The boy pondered. "You're right, Daddy," he said at last. "We would be well advised to look it up."

"Look it up?"

"In the encyclopedia, Daddy. Haven't you always told me that it was an authoritative factual reference?"

The light dawned. Junior believed in the encyclopedia. "My very words, Son. Let's look it up and see what it says about... let's see... here's Opinion to Possibility... should be in this volume. Yes." He found the place and read aloud: " 'Pegasus—Horse with wings which sprang from the blood of the Gorgon Medusa after Perseus cut off her head.' "

Junior's little mouth dropped open. "That has got to be figurative," he pronounced. "Horses are not created from—"

" '...a creature of Greek mythology,' " Newton finished victoriously.

Junior digested that. "You mean, it doesn't exist," he said dispiritedly. Then he brightened. "Daddy, if I ask for something that does exist, then can I have it for a pet?"

"Certainly, Son. We'll just look it up here, and if the book says it's real, we'll go out and get one. I think that's a fair bargain."

"A unicorn," Junior said.

Newton restrained a smile. He reached for the volume marked Trust to Wary and flipped the pages. " 'Unicorn—A mythological creature resembling a horse—' " he began.

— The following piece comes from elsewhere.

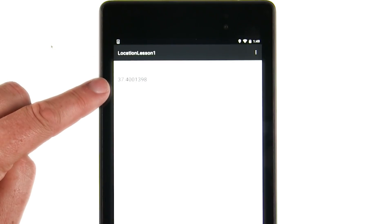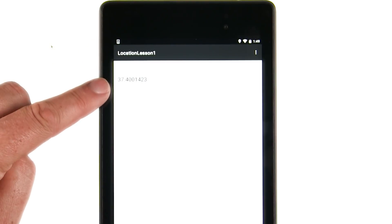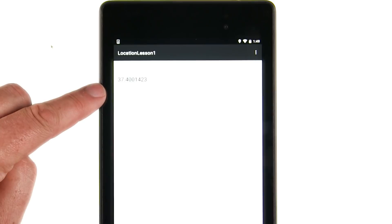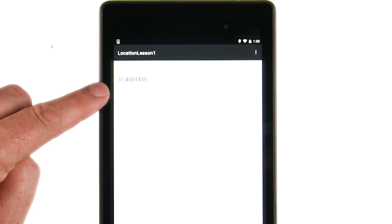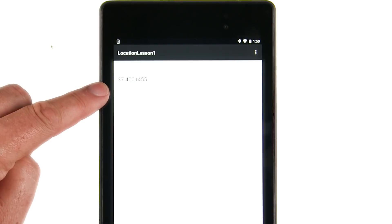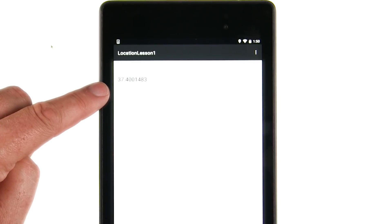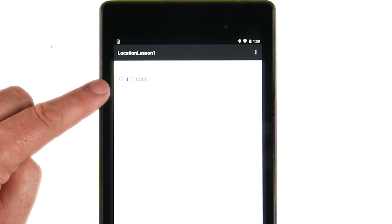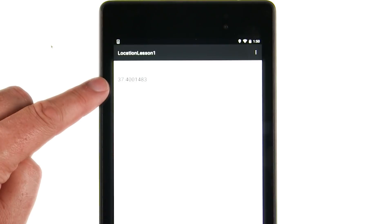Here you can see that I'm running a very simple app that I've called Location Lesson 1. You build this application using location services, and the techniques that you'll use for building this application can be used across many of the different services that you'll learn in this course. So how did we get here, and how did we build this? Let's take a quick look.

Junior looked at him suspiciously. "Next year I'm going to school and learn to read for myself," he muttered. "You are alleging that there is no such animal?"

"That's what the book says, Son—honest."

The boy looked dubious, but decided not to make an issue of it. "All right—let's try a zebra." He watched while Newton pulled out Watchful to Indices. "It's only fair to warn you, Daddy," he said ominously, "that there is a picture of one on the last page of my alphabet book."

"I'll read you just exactly what it says, Son," Newton said defensively. "Here it is: 'Zebra—A striped horselike animal reputed to have lived in Africa. Common in European and American legend, although entirely mythical—' "

"Now you're making that up," Junior accused angrily. "I've got a picture."

"But Son—I thought it was real myself. I've never seen a zebra, but I thought—look. You have a picture of a ghost too, don't you? But you know that's not real."